Many parents give their children juice starting at a young age because they feel there is a health benefit, or simply because their children want it. The truth is there is no real benefit as juice has less fiber, is less nutritious than whole fruit, and has a higher sugar content. Example: A ½ cup apple juice has no fiber and 13 grams of sugar. A ½ cups of apple slices has 1 ½ grams of fiber and 5 ½ grams of sugar. Too much juice can also lead to diarrhea, tooth decay and in some cases obesity. As with adults, a small cup of 100% juice with a meal is a great way to get in a serving of fruit and veggies, but not sipping on it all day.
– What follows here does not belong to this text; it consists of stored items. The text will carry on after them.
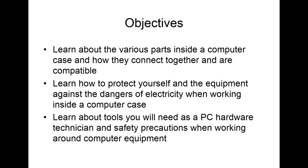Then for the CompTIA A-plus 220-802 exam objectives, we will be looking at domain 5.0, which is over operational procedures. We will go over 5.1, which is given a scenario, use appropriate safety procedures. And 5.2 for domain 5.0 is explain environmental impacts and the purpose of environmental controls. Lastly, we will go over domain 4.0, which is a troubleshooting section.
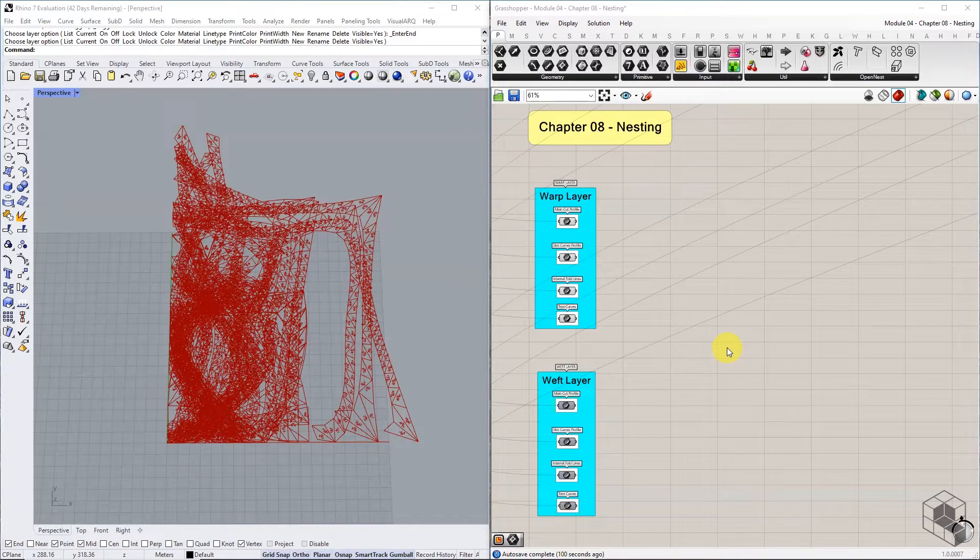In this chapter, we cover the nesting of fabrication curves into rectangular profiles, representing the maximum sheet size permissible for CNC or laser cutting.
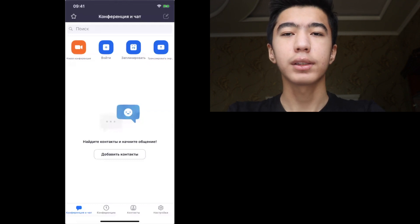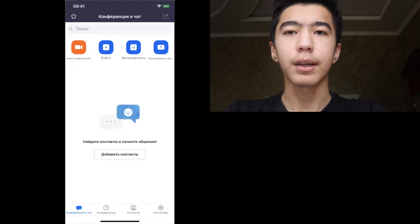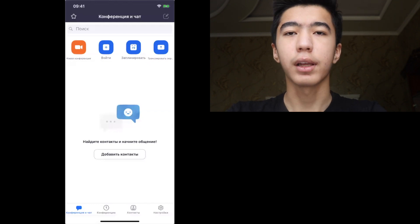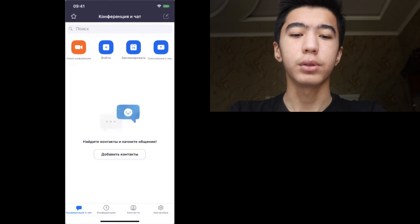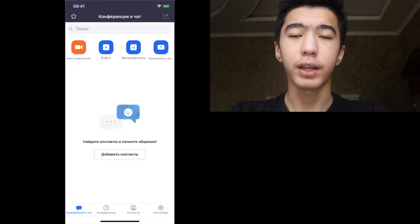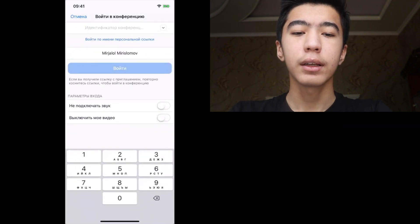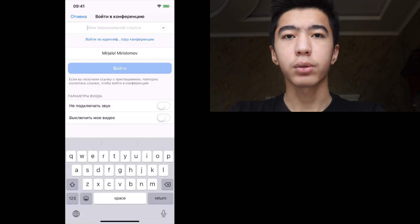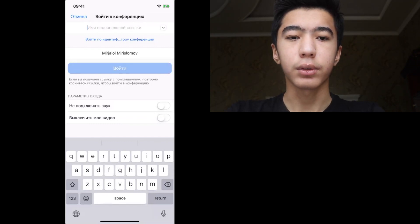If you want to join, you can use a phone call or join by email. When you get the code, you can join the conference.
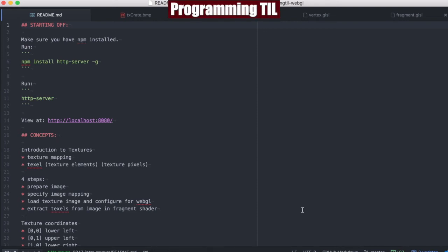Hello, I am David W. Parker. This is Programming Today I Learned, WebGL series, episode 47.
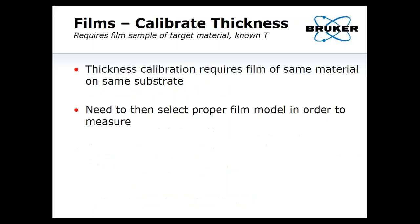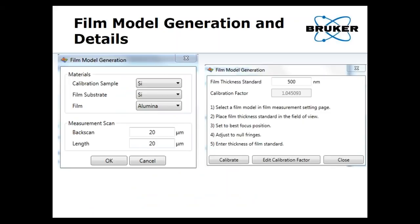Once the model is built, you can calibrate thickness. It requires a sample of the same material on the same substrate. You pick the same model you just generated, then calibrate. The software will do the measurement, provide a result, and then you enter a nominal value to get a calibration factor. Here you can see it's only about 4% off the nominal. This definitely maximizes accuracy, but you can get away with a calibration value of unity and still get pretty accurate results natively.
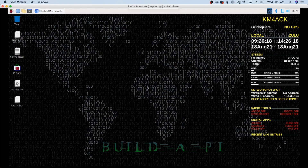So now from anywhere that I have an internet connection and the RealVNC Viewer, I can get back into my Raspberry Pi that's running in the shack. And this could be useful for many different purposes. I like to log into mine and do a lot of coding work when I'm out of town. I can also, if I've left my radio connected up, log into this and play digital radio from wherever I happen to be.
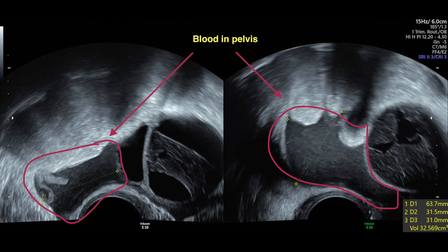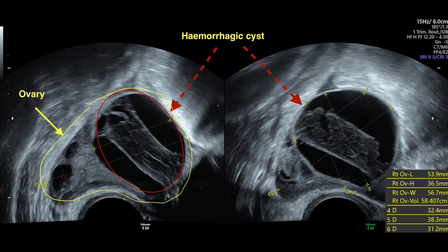Also seen next to it is a hemorrhagic cyst with a clot retraction in the center of the cyst.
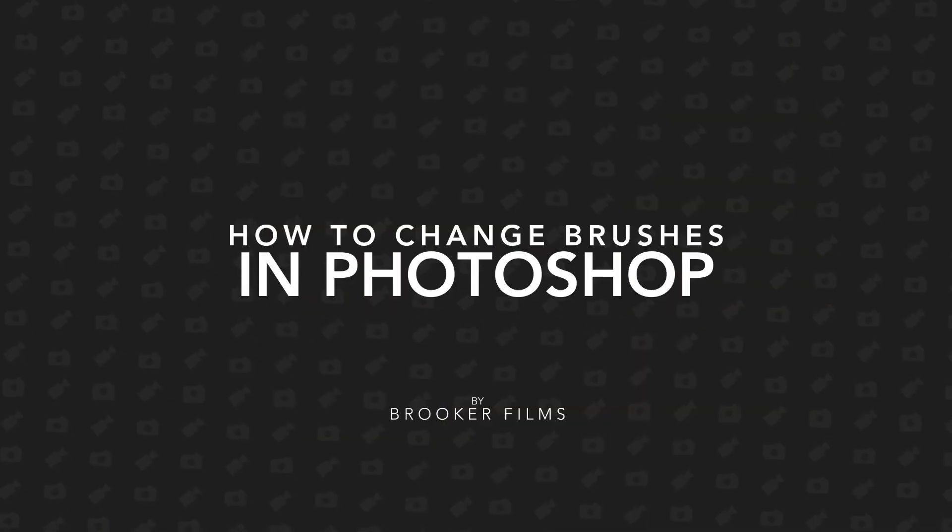In today's video I'm going to show you how to change your brushes inside of Adobe Photoshop. So let's get right into it.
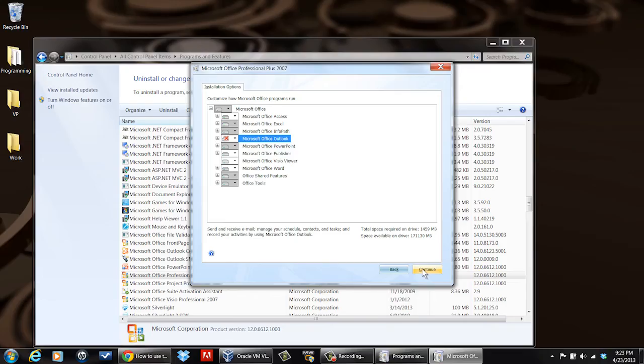What it will do is it will deinstall it, free up some space in your hard drive. And if you have the install depot local on your PC, then later on you can go back in and reinstall it. Or if you have your CD, you can go back in and reinstall it from the CD.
If your child craves juice, here are a couple suggestions; serve it in a regular cup rather than a juice box that can be carried around, and dilute it with water slowly over time.


So how can you protect your teeth, but still get some nutritional benefits from fruit juice? Start by having the actual fruit when possible; an orange, an apple or cranberries (dried or whole). If you choose to drink juice, as I mentioned above drink a glass with a meal and rinse with water right after, do not brush for a ½ hour as the acidic level in your mouth is higher an can increase risk of erosion. Remember you only have one set of adult teeth so protect them the best you can.